• _TASK DIRECTIONS_:
Exactly reproduce the line containing "Don’t skip without" and all later lines to the end of the entries, leaving the pictures out of your copy.

-- DATA SUPPLIED follows --

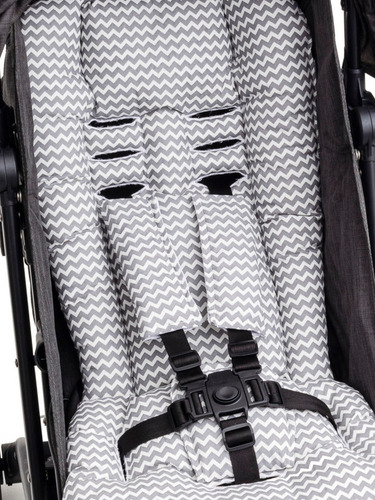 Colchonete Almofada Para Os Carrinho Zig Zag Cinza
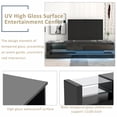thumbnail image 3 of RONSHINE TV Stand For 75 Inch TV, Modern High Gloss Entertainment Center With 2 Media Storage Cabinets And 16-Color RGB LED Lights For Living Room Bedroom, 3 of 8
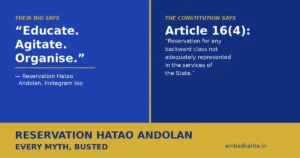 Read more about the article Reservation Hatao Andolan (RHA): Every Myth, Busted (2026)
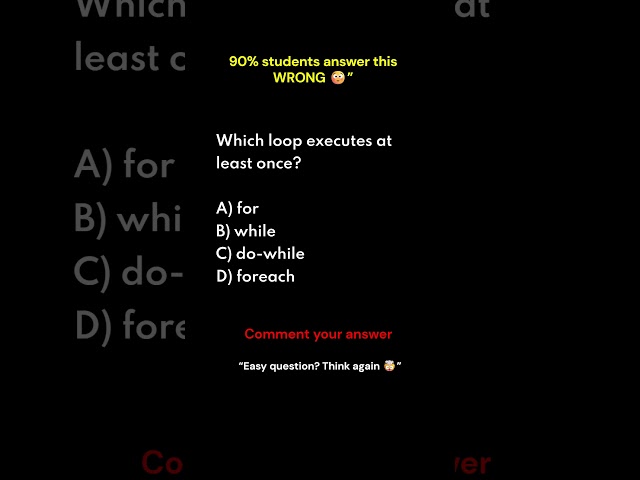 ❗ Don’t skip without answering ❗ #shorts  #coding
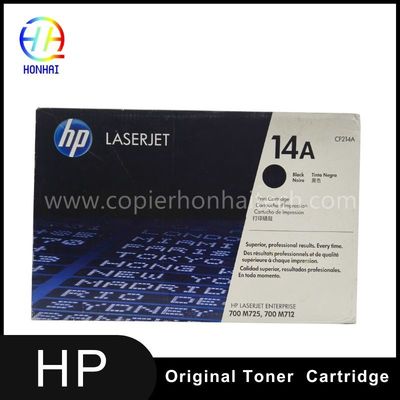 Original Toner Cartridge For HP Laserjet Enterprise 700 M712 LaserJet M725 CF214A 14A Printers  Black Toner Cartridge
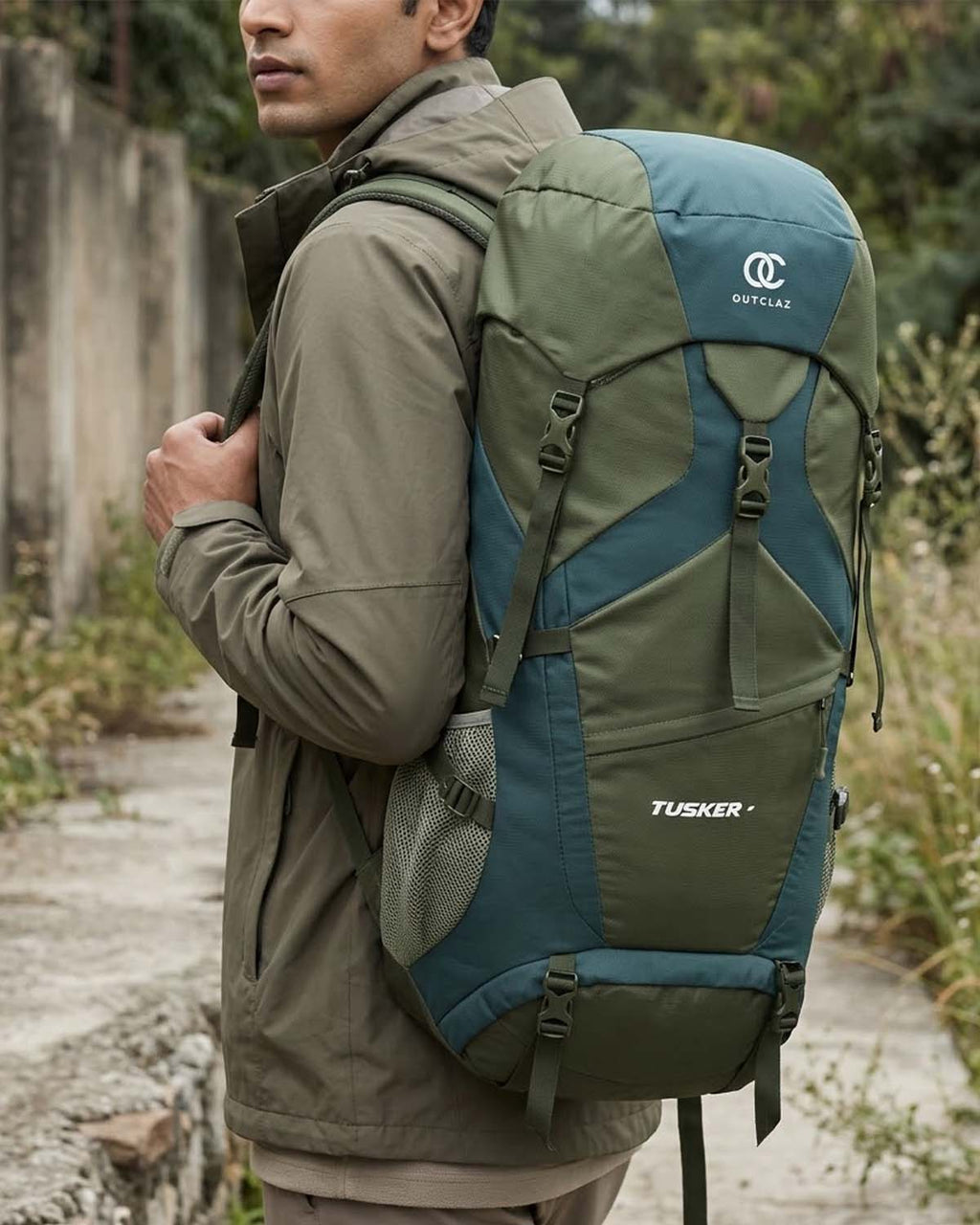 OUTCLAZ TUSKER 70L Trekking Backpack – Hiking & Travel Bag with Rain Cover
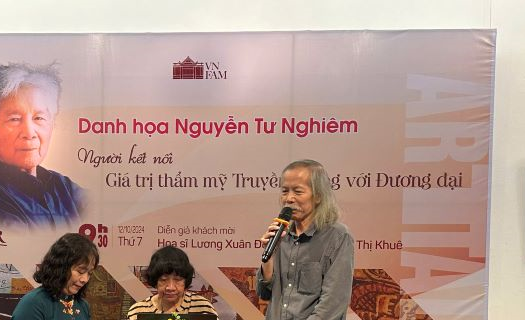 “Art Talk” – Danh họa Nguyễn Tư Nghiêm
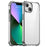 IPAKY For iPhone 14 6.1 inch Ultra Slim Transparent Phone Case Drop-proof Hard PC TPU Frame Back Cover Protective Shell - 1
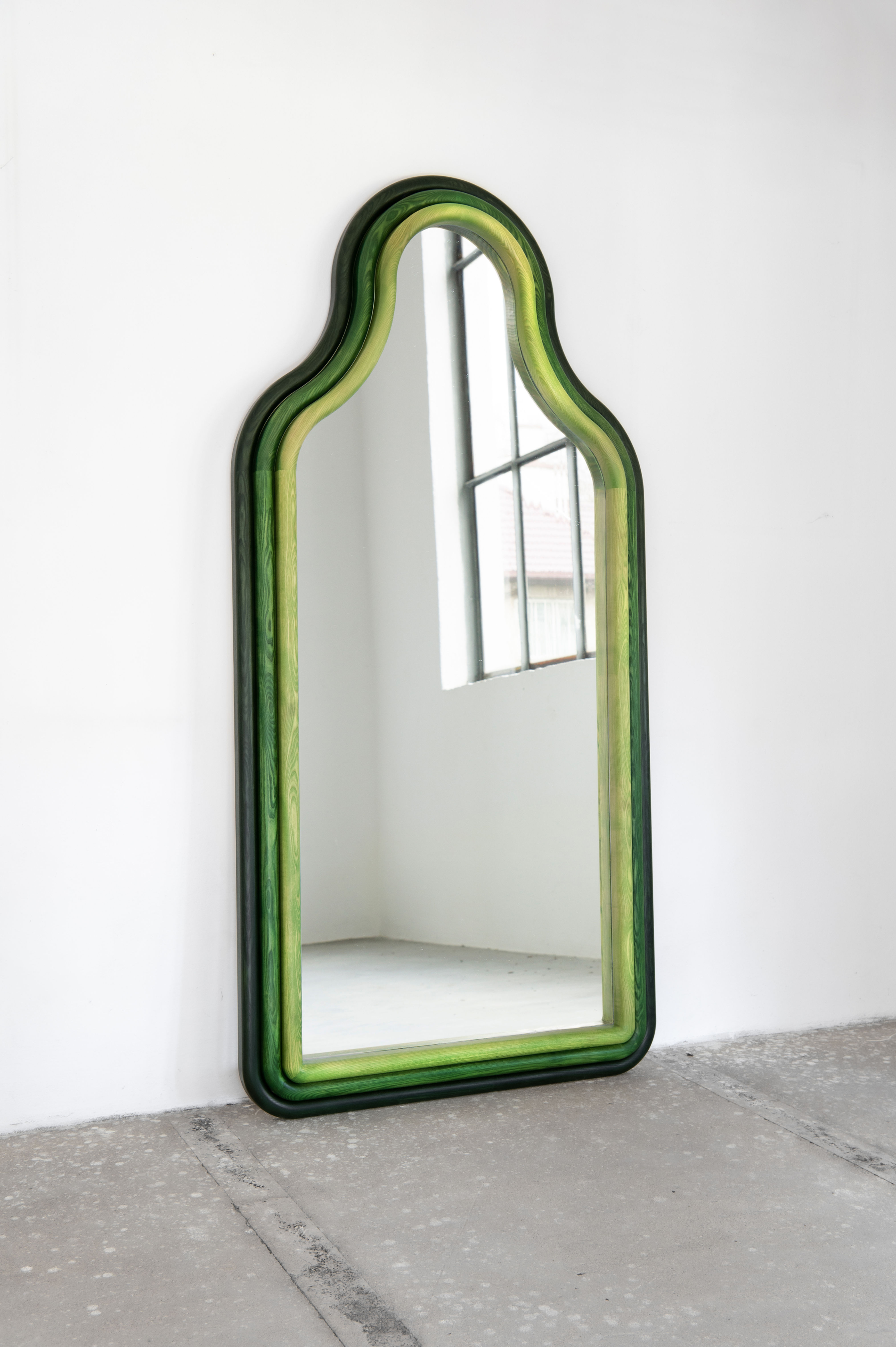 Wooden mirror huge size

-- DATA SUPPLIED concluded --

• _WRITTEN SOLUTION_:
 ❗ Don’t skip without answering ❗ #shorts  #coding
 Original Toner Cartridge For HP Laserjet Enterprise 700 M712 LaserJet M725 CF214A 14A Printers  Black Toner Cartridge
 OUTCLAZ TUSKER 70L Trekking Backpack – Hiking & Travel Bag with Rain Cover
 “Art Talk” – Danh họa Nguyễn Tư Nghiêm
 IPAKY For iPhone 14 6.1 inch Ultra Slim Transparent Phone Case Drop-proof Hard PC TPU Frame Back Cover Protective Shell - 1
 Wooden mirror huge size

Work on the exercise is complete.